A question that gets raised almost every time that DCIG releases a Buyer’s Guide is, “Why are performance metrics not included in the Guide or considered in its evaluation of the products?” While DCIG has answered this question in various ways and in a number of forums over the last few years, we thought it appropriate to aggregate those randomly posted responses into a more definitive blog entry to address this particular question as it inevitably comes up.
There is no one reason as to why DCIG does not include performance metrics or attempt to measure them when it puts out its Buyer’s Guides. Rather there are seven that DCIG cites that preclude DCIG from currently measuring or reporting on performance in its Buyer’s Guides and having any formal plans to do so in the future.

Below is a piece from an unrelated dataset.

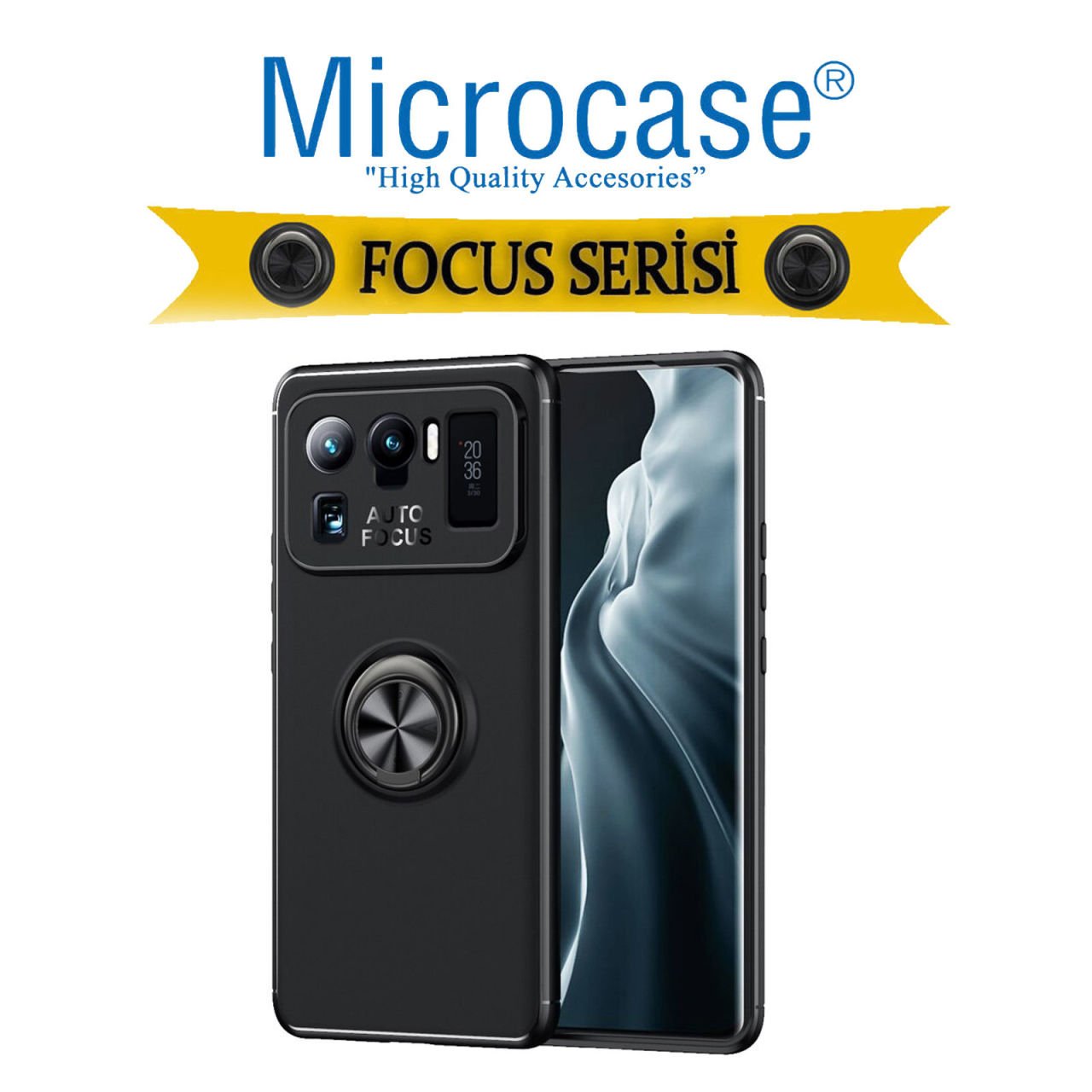 Microcase Xiaomi Mi 11 Ultra Focus Serisi Yüzük Standlı Silikon Kılıf - Siyah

1. Too many products to test in too short a time frame. This is probably the number one reason why DCIG does not test the performance of any products that it includes in its Buyer’s Guides. Most DCIG Buyer’s Guides cover at least 20 products and many cover 50 or more.
20 is usually the minimum number of products that DCIG requires to be shipping in a particular space before it even considers doing a Buyer’s Guide on a particular topic. However to test even 20 products could take up to five months to complete as it could take up to a week to properly test each product.

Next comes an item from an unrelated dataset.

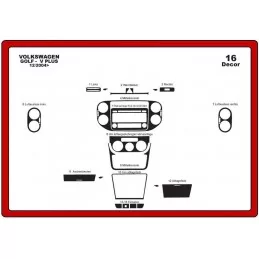 Instrumentbrädesinsats VOLKSWAGEN Golf V Plus 16 delar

This assumes that the original test plan was agreed upon and does not change once the testing begins which is a big “IF.” Even then, all of the equipment needs to arrive onsite, arrive on time and be properly configured – more big “IF‘s” when doing testing. Then the person conducting the tests must be free to work uninterrupted for twenty weeks straight which is almost unheard of in this day and age.

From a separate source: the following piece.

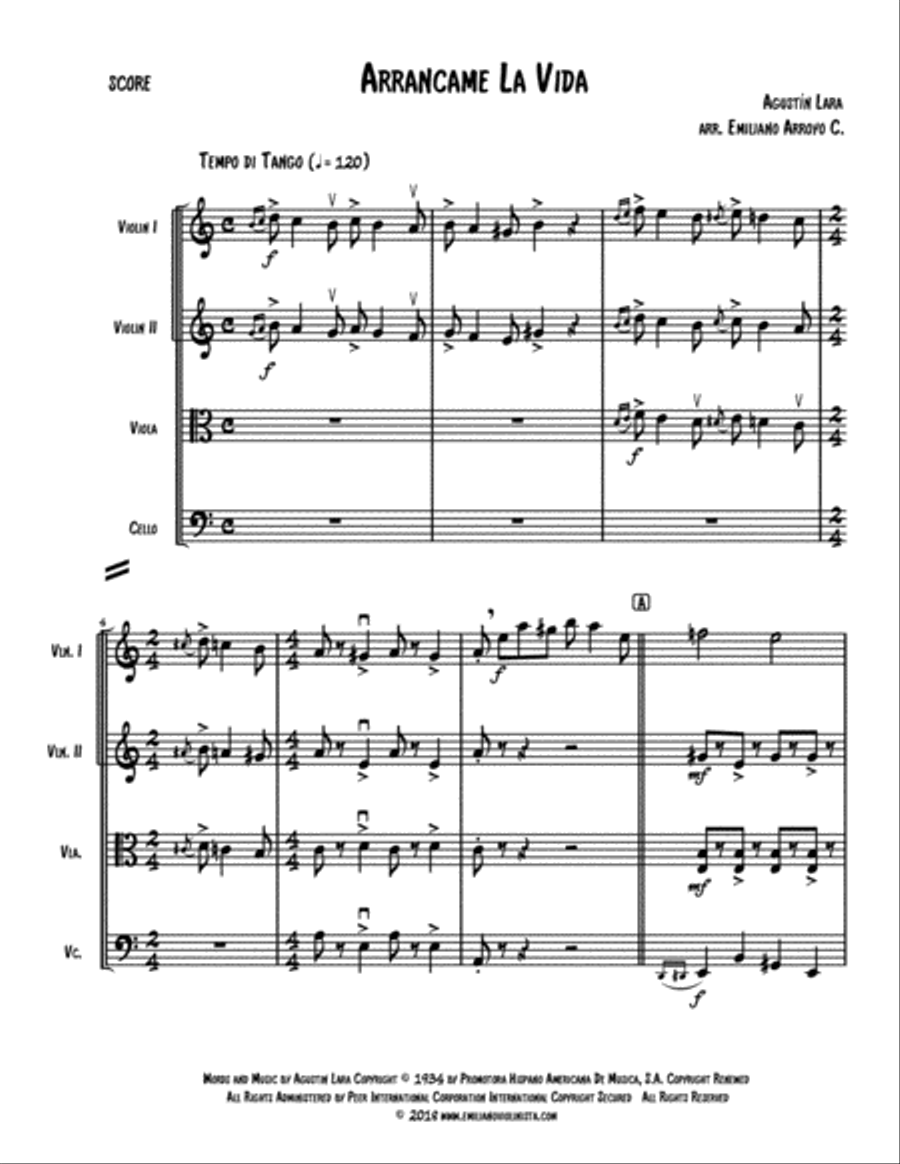 Arrancame La Vida String Quartet scores gallery preview page 2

2. Too difficult to construct a performance test that accounts for all of the variables that multiple organizations find relevant. Let’s just assume for a second that DCIG could get twenty products on site and test all of them. Before DCIG would even ask for them to be shipped to its site for testing, it would need to construct a meaningful test plan.
Assuming DCIG is testing storage arrays, should DCIG run mixed workloads against the array? Or should it just run performance tests using an Oracle database? A SQL Server database? All of the above? This does not even take into account if these applications are residing on virtual or physical machines. In short, it could take weeks, months or even years to simply develop a meaningful test plan.
3. It is all fun and games until someone loses an eye. Testing always sounds great until someone drives a forklift through the side of a storage array. You may laugh but I am aware of such a occurrence taking place a number of years ago at one company’s site when they brought in a storage array to test.
Suddenly all talks about testing stopped and everyone had to spend a lot of time figuring out who was liable and how it would get resolved. I never did hear about the final outcome but it illustrates an important point.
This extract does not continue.